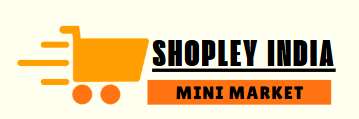 LogoShop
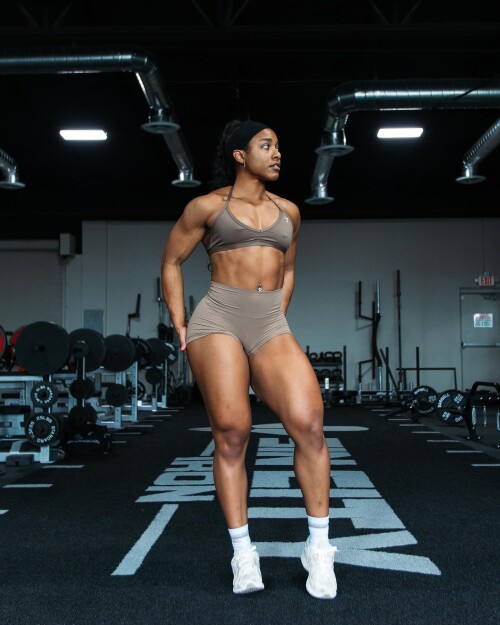 aaaaayevuh 2024 02 03 2014831451cde14b66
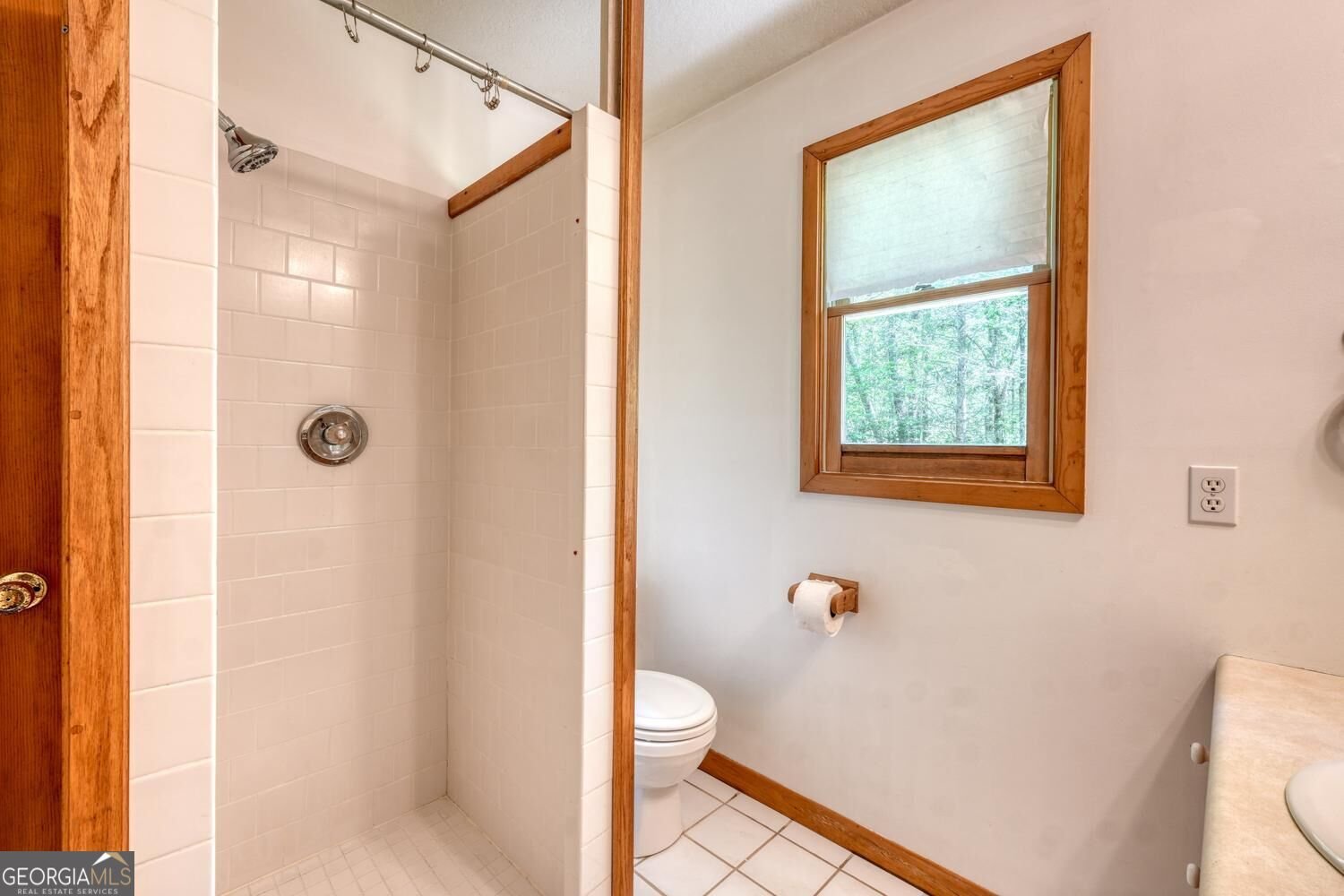 1493 Greasy Creek Road Brasstown - Photo 24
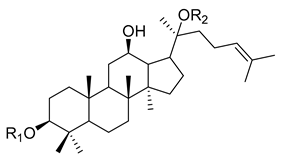 Biomolecules 10 00033 i001 Biomolecules 10 00033 i001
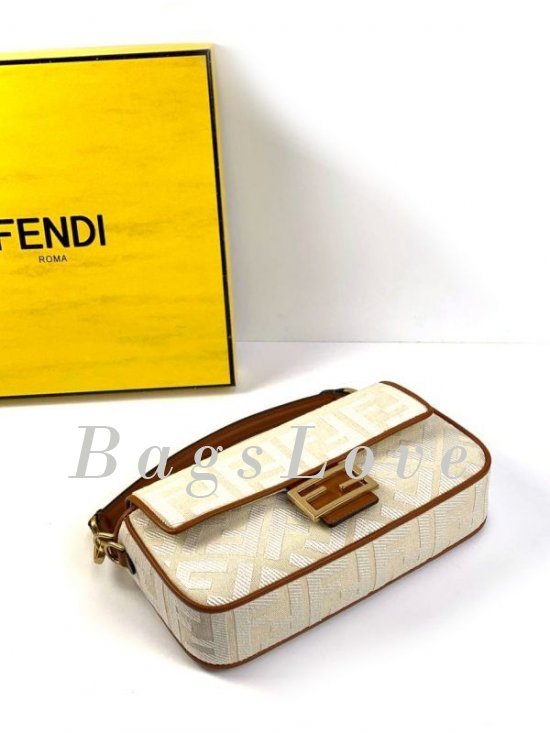 Женская сумка Fendi B107956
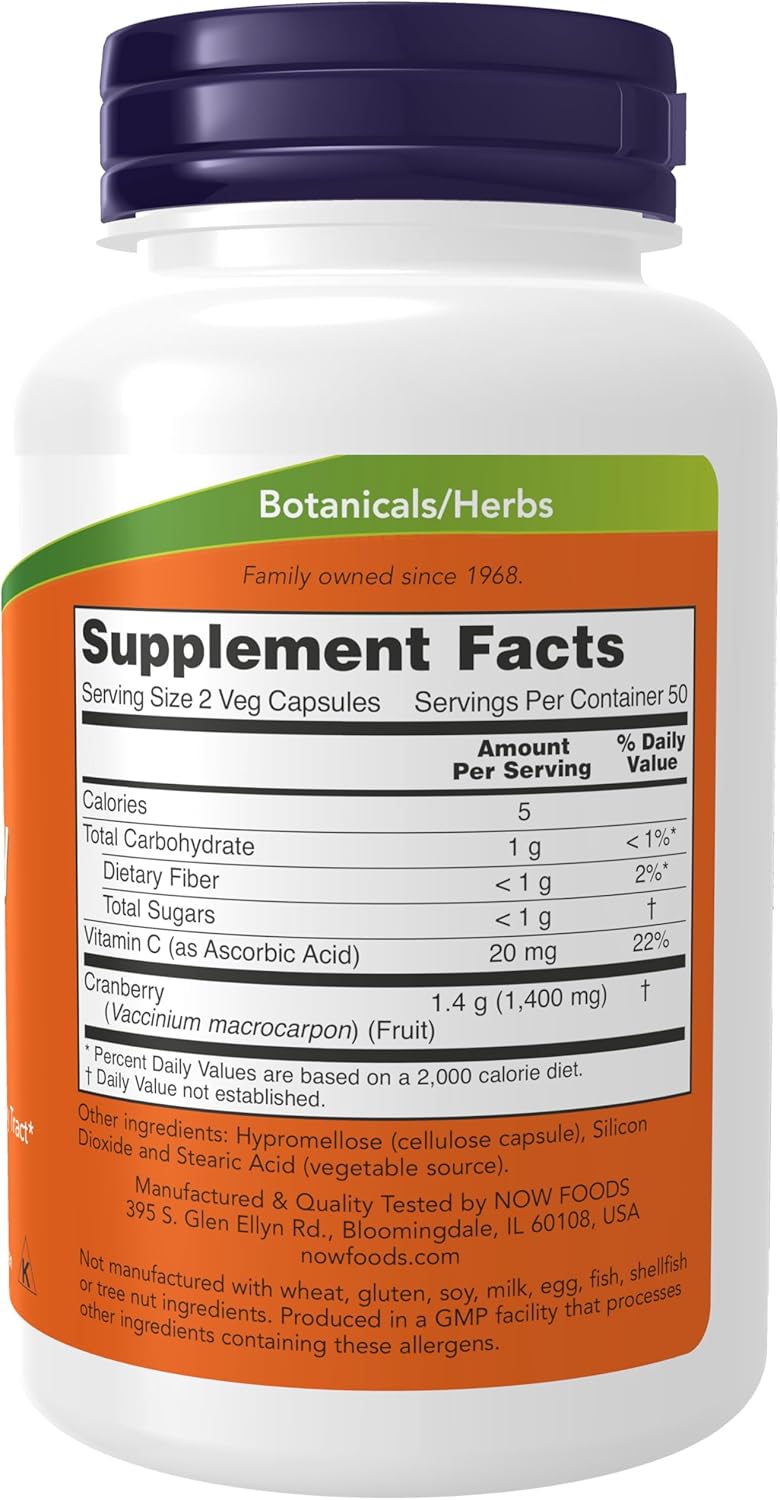 cranberry-capsules-with-vitamin-c-for-a-healthy-urinary-tract---100-veg-caps---now-foods-supplement-2
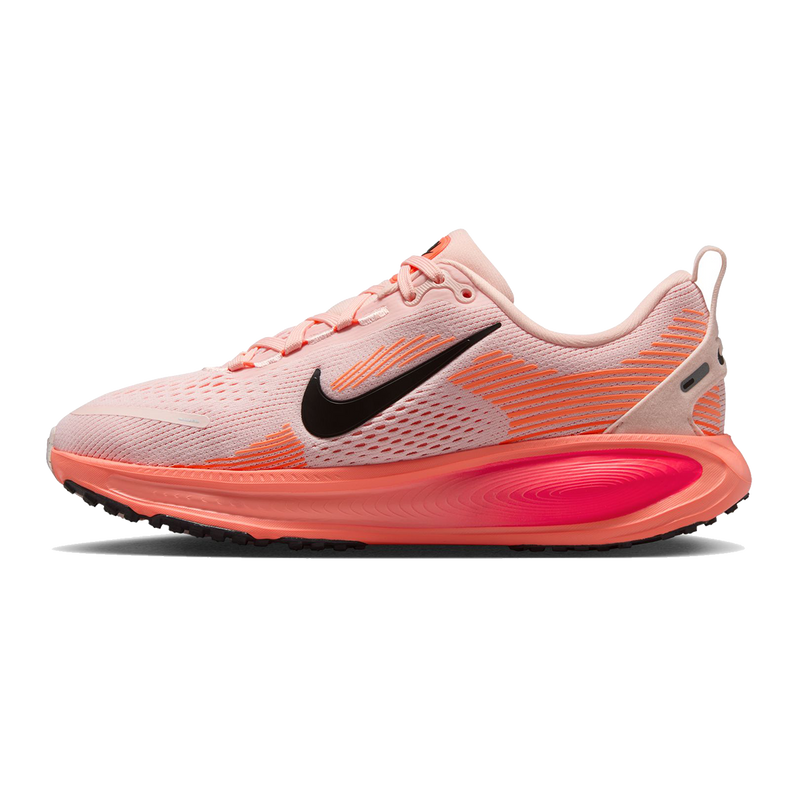 Nike Vomero 18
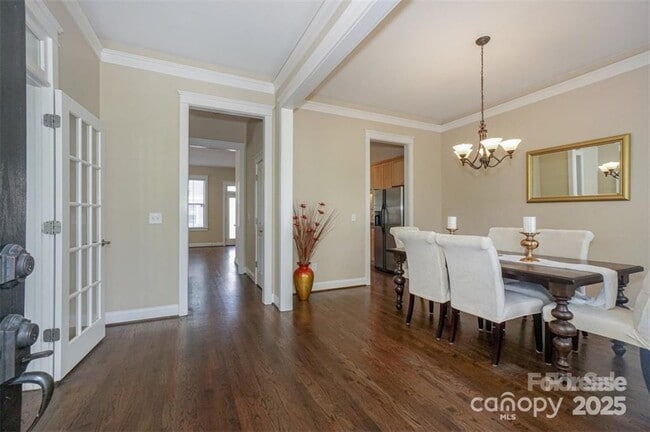 Building Photo - 188 Water Oak Dr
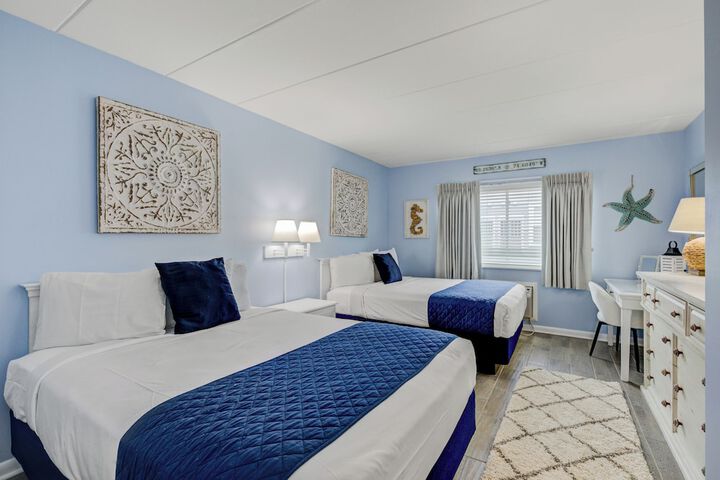 Room 288 of 334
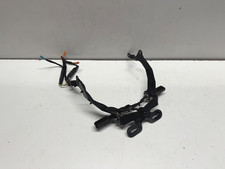 honda cbr 600 rr tail tidy for sale  MACCLESFIELD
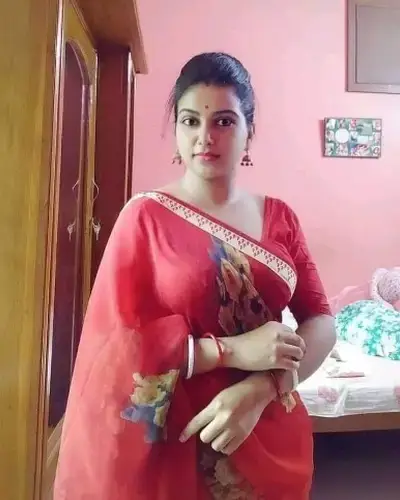 Call Girl Service in Kharar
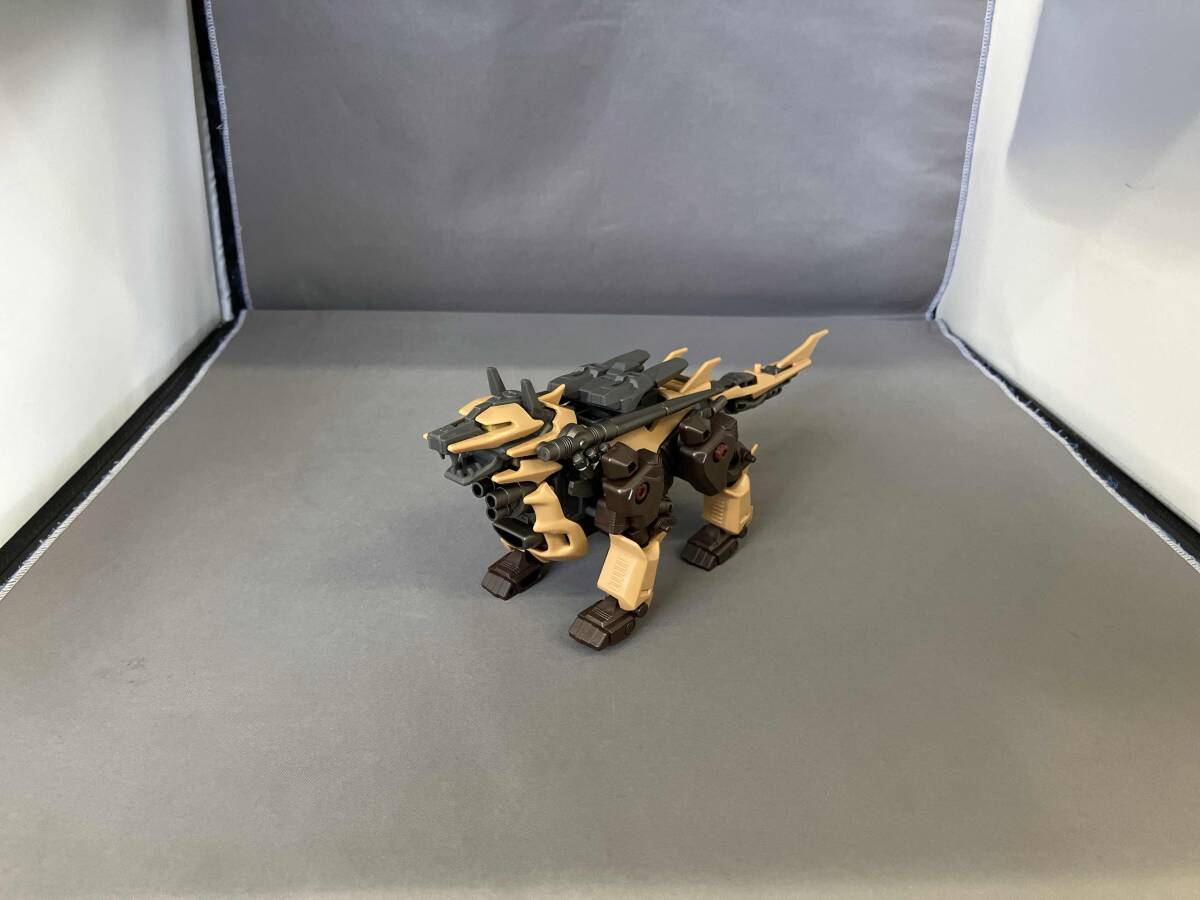 Yahoo!オークション -「ゾイド ハウンドソルジャー」の落札相場 Yahoo!オークション -「ゾイド ハウンドソルジャー」の落札相場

....

WHAT THIS TASK INVOLVES ▸
Only what runs from the line holding "Nike Vomero 18" through the end of the entries above is to be given again, exactly, with every picture omitted.

TASK RESULT ▸
 Nike Vomero 18
 Building Photo - 188 Water Oak Dr
 Room 288 of 334
 honda cbr 600 rr tail tidy for sale  MACCLESFIELD
 Call Girl Service in Kharar
 Yahoo!オークション -「ゾイド ハウンドソルジャー」の落札相場 Yahoo!オークション -「ゾイド ハウンドソルジャー」の落札相場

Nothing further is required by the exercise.